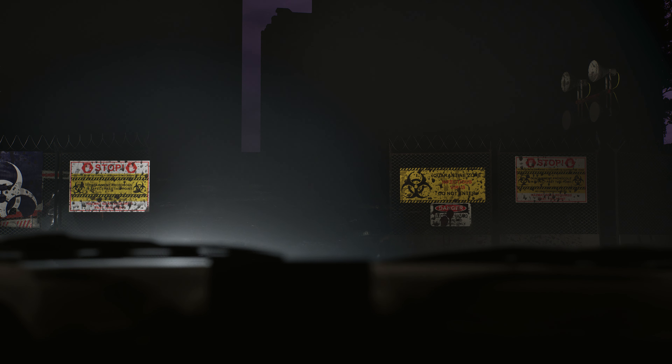Boss, the GPS tracker says he's in the quarantine zone. We can't go in there. We have to go in or we're dead meat.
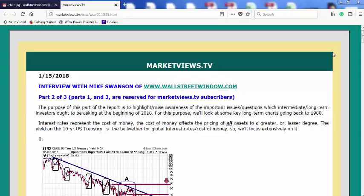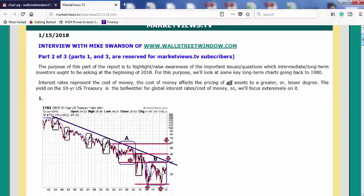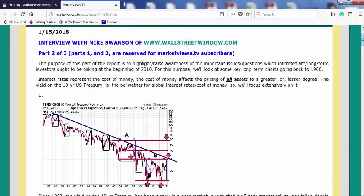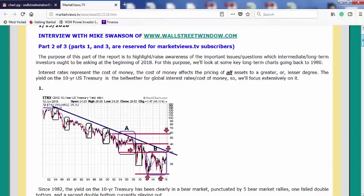Hello, this is Mike Swanson of WallStreetWindow.com. I've got a very special guest with me today. I'm speaking for the first time this year with Ike Osef, who runs the website marketviews.tv. How are you doing today, Ike? I'm doing well, Mike. Happy New Year to you and happy New Year to our listeners. And thank you for having me as a guest once again. Oh, definitely. Well, this is, to me, probably the most important time of year to look at the markets and try to plan ahead for the rest of the year.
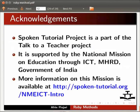Spoken tutorial project is a part of the Talk to a Teacher project. It is supported by National Mission on Education through ICT-MHRD Government of India. More information on this mission is available at the below link. This is Afreen Panjari from IIT Bombay signing off. Thank you for watching.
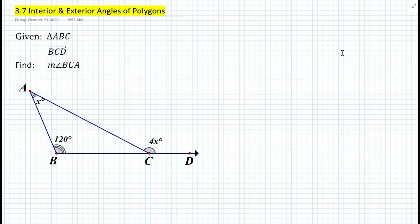Hi everyone, this is Mr. Cervone. Welcome to my math channel. In today's lesson, we will be learning about interior and exterior angles of polygons. So let's get started with this problem that will lead us into today's lesson.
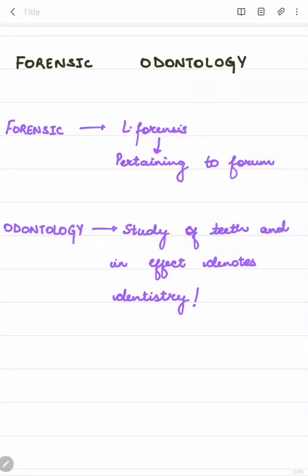Today we are going to discuss forensic odontology, which is divided into two terms. The first is 'forensic,' derived from the Latin word 'forensis,' meaning pertaining to forum. In ancient Rome, the forum was a public square where trials and debates were held, serving as a court of law. The second term is 'odontology' — 'odont' means tooth and 'logi' means study, so it is the study of teeth, essentially denoting dentistry.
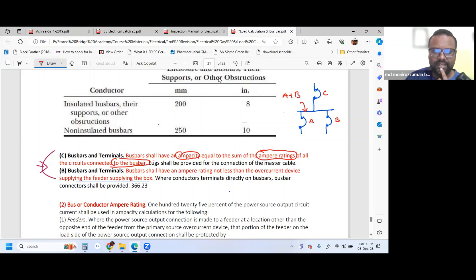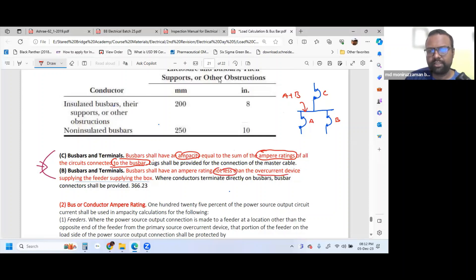Bus bar is the Terminal. Bus bar shall have an Ampere Rating not less than the overcurrent device connecting the feeder supplying the box. The Bus bar Ampere Rating shall be not less than the overcurrent device. The overcurrent device is the circuit breaker or fuse.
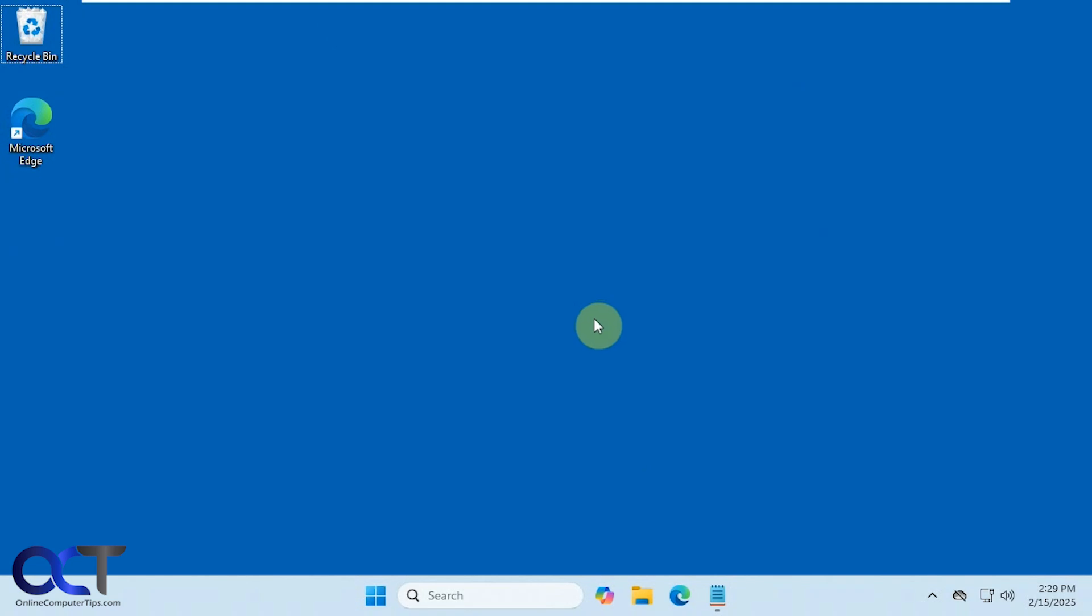Hi, in this video we're going to show you how to change the date and time format in Windows. We'll show you how to do it in Windows 11, then we'll show you where to find it in Windows 10 as well, if you're still using Windows 10.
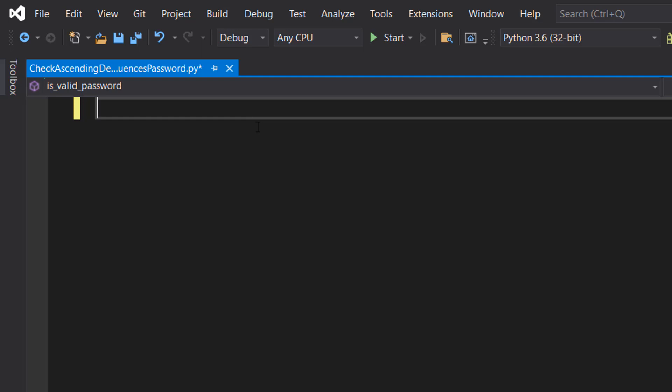For example, we'll be able to check if a password contains something like a-b-c-d-e or e-d-c-b-a. These are ascending and descending sequences of characters, and we can determine if we want any of these in our passwords. So let's get right into it.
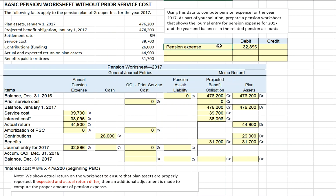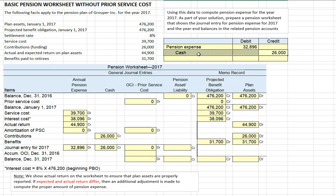We record pension expense with a debit to pension expense. We paid $26,000 in cash — we contributed cash to our pension fund assets — so the company's cash went down by $26,000. Recall that the pension benefit obligations and the assets of the pension plan are a separate legal entity. Our current pension liability is then $6,896, representing the difference between pension expense and the cash contribution.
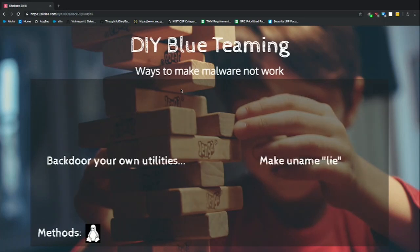Uname strings are arbitrary, so you can make them lie. Like, run uname and it says ARM — attacker runs an ARM exploit against an x86 kernel.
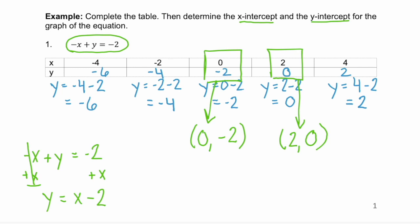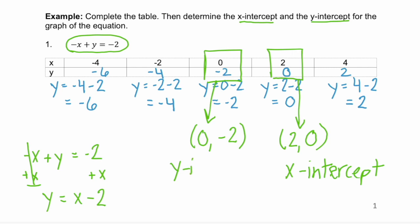Now we need to find our x-intercept and y-intercept. Remember that intercepts occur when one of the values in your ordered pair is zero. The x-intercept is where y equals zero — that's the point (2, 0). The y-intercept is where x equals zero — that's the point (0, -2).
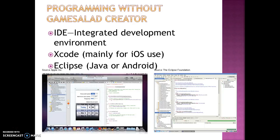Eclipse is a free open source IDE — Integrated Development Environment — that can be used with a number of programming languages. So if you're not using Creator, you generally will use Xcode, mainly for iOS, or Eclipse, which is your Android and Java.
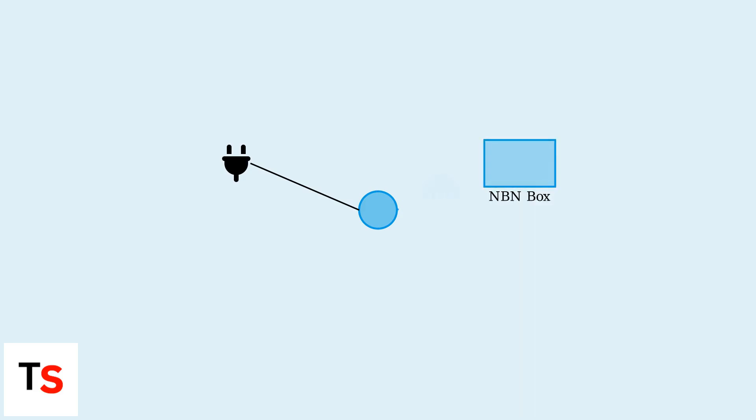For NBN connections, use the provided RJ45 cable to link the modem to your NBN connection box. If you're using 5G, insert the SIM card into the designated slot on the modem.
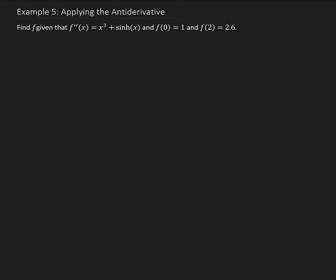Since we're given the second order derivative, we need to first find the integral, and that will give us f prime of x, the first derivative, and then take the integral again, and that will give us the general solution. Then we need to use our initial values to find the constants, and that will give us our particular solution.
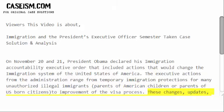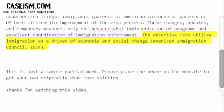These changes, updates, and temporary measures rely on the successful implementation of programs and excellent coordination of immigration enforcement. The objective is to utilize immigration as a driver of economic and social change. — American Immigration Council, 2014.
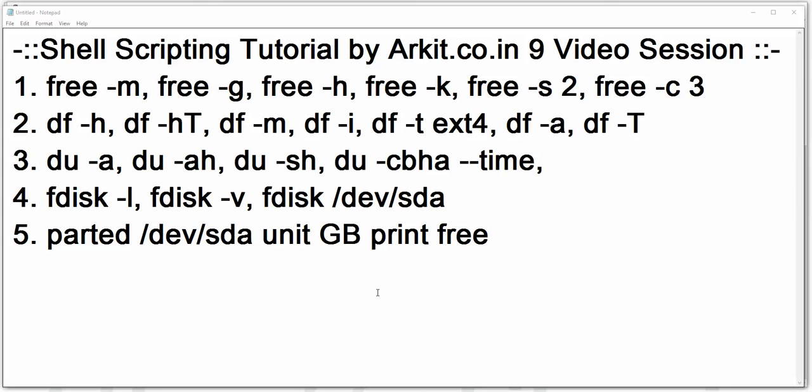Welcome to the shell scripting tutorial. This is the ninth video session in the series. In this tutorial, we are going to learn about the free command, df command, du command, fdisk command, and parted. These are disk utilities — whenever you want to check the free space, disk free space, or file system utilization, you can use these commands.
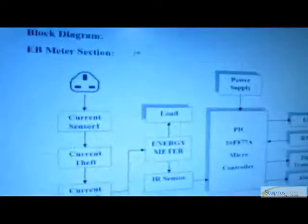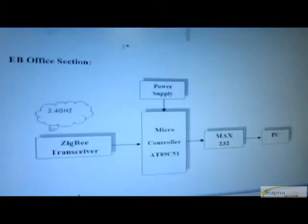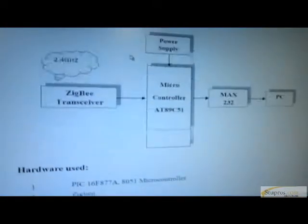That's why we are going for the ladder-type billing system, and using that system we can increase the cost of energy consumption for different levels of people. If you go for the proposed system, here is the block diagram for the EB meter section and the EB office section.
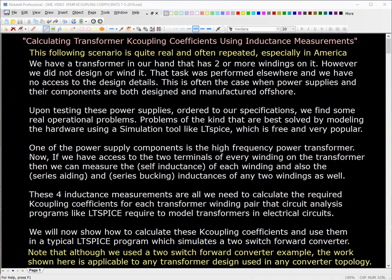Good morning. My name is Wendell Boucher. The title of this video is Calculating Transformer K-Coupling Coefficients Using Inductance Measurements.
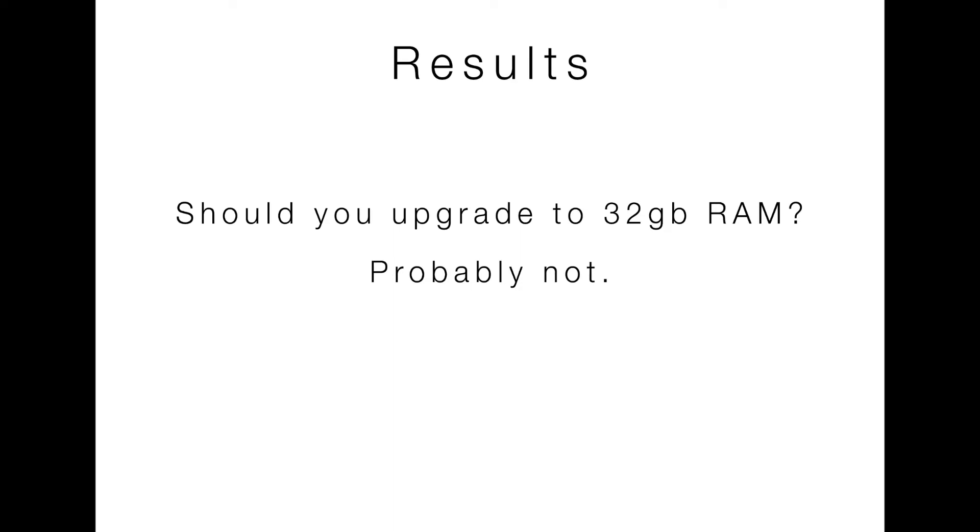32 gigs. You know, if you have an extra one or two hundred bucks sitting around and it gives you better personal satisfaction to go ahead and upgrade. Sure. Go for it. Because the mental feeling of knowing that you have a powerful machine. Hey, that can have some impact for you and make you much happier to sit down and edit knowing that you've got the raw horsepower back there. Unfortunately, it doesn't look like you're going to be using it. In fact, you probably aren't really going to be breaking much above eight gigs of usage unless you're really, really taxing your system almost intentionally.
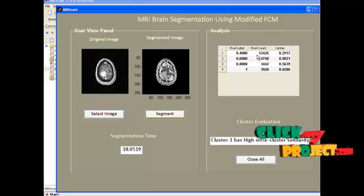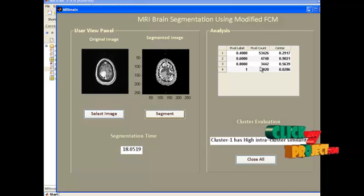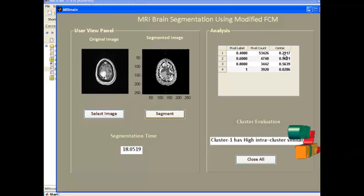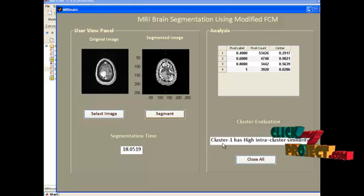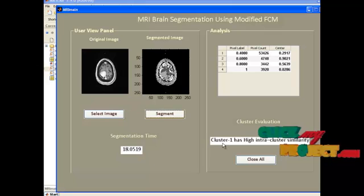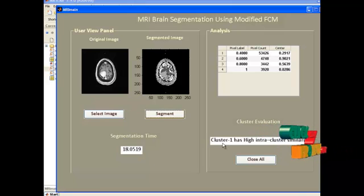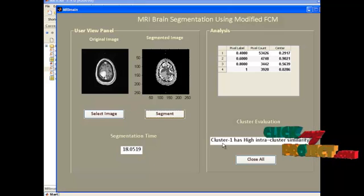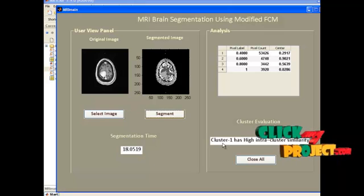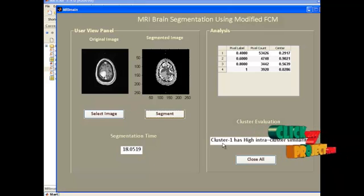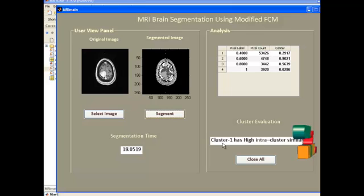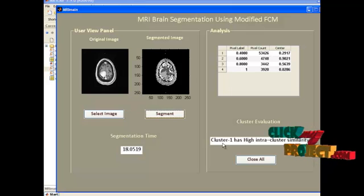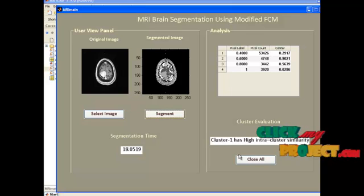The table column shows the pixel label, corresponding pixel count, and the centroid value. Among the four clusters, Cluster 1 has the highest intracluster similarity. By viewing all these results, we can assuredly conclude that our system has reached the best performance when compared to existing systems.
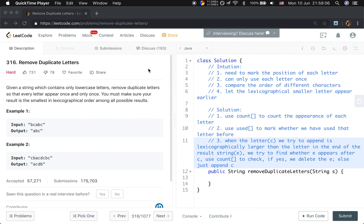Hello friends. Now let's solve the remove duplicate letters problem. Given a string which contains only lowercase letters, remove duplicate letters so that each letter appears once and only once. You must make sure your result is the smallest in lexicographical order among all possible results.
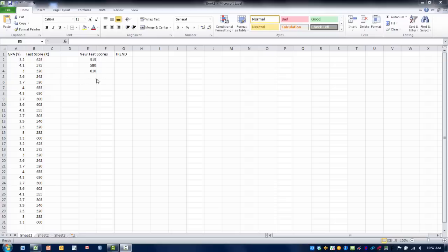What I've done here is set up two columns. We've got the new test scores, so these are new x values that we want to use to predict someone's GPA. We have three students and these are their test scores and we want to use that to predict what their college GPA might be.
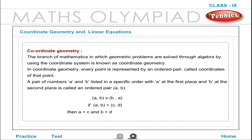In coordinate geometry, every point is represented by an ordered pair called coordinates of that point. A pair of numbers a and b listed in a specific order, with a at the first place and b at the second place, is called an ordered pair, i.e. (a, b). Note that (a, b) is not equal to (b, a).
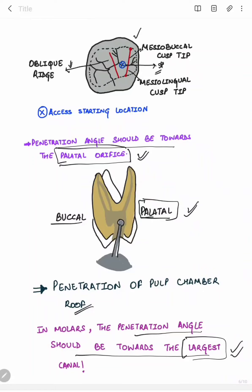The maxillary second molar is basically similar to the maxillary first molar, but the MB2 canal orifice is less likely to be present. Also, the three roots are found closer to each other and may fuse to form a single root in maxillary second molars.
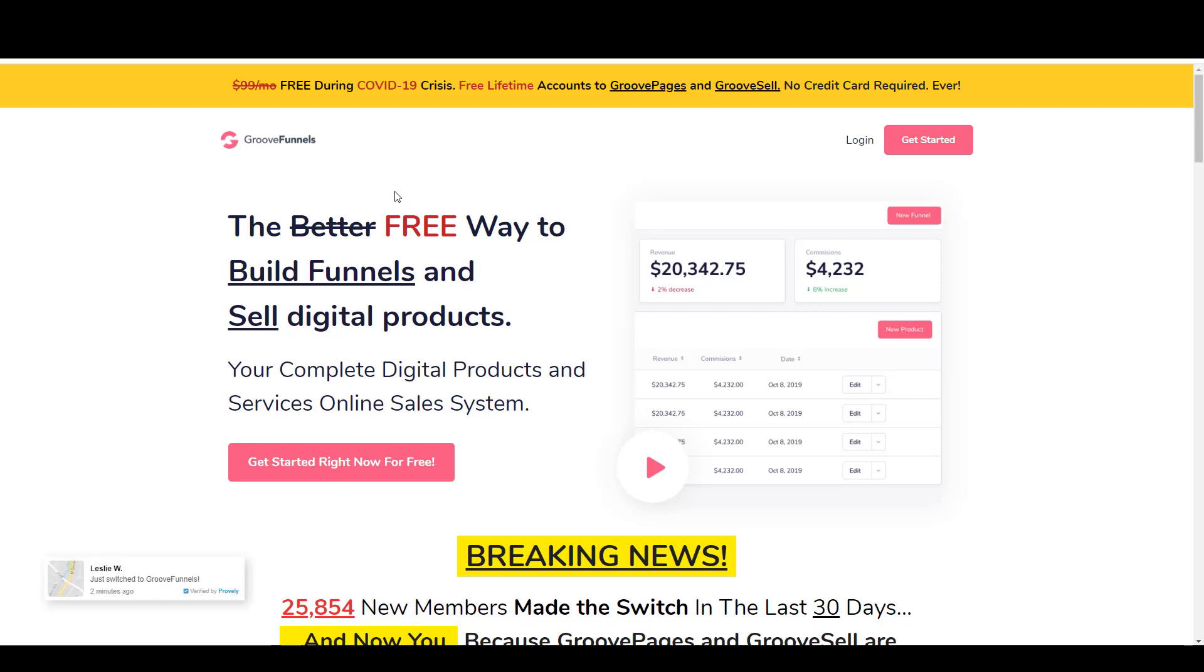Hey everyone, it's Alex with alextucker.ca, and today we're looking at the free funnel builder called GrooveFunnels, which is a new suite of software that's coming into the game.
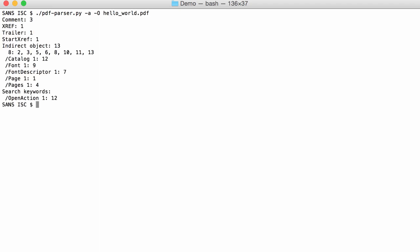And here, hello world. Indeed, here is the OpenAction. The OpenAction is in object 12.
————
Problem to work on: Restate word for word the lines from the line with "Hello friends. Now" to the last line of the records above, inclusive, and omit every picture.

Solved problem:
Hello friends. Now let's solve the remove duplicate letters problem. Given a string which contains only lowercase letters, remove duplicate letters so that each letter appears once and only once. You must make sure your result is the smallest in lexicographical order among all possible results.
What I've done here is set up two columns. We've got the new test scores, so these are new x values that we want to use to predict someone's GPA. We have three students and these are their test scores and we want to use that to predict what their college GPA might be.
In coordinate geometry, every point is represented by an ordered pair called coordinates of that point. A pair of numbers a and b listed in a specific order, with a at the first place and b at the second place, is called an ordered pair, i.e. (a, b). Note that (a, b) is not equal to (b, a).
The maxillary second molar is basically similar to the maxillary first molar, but the MB2 canal orifice is less likely to be present. Also, the three roots are found closer to each other and may fuse to form a single root in maxillary second molars.
Hey everyone, it's Alex with alextucker.ca, and today we're looking at the free funnel builder called GrooveFunnels, which is a new suite of software that's coming into the game.
And here, hello world. Indeed, here is the OpenAction. The OpenAction is in object 12.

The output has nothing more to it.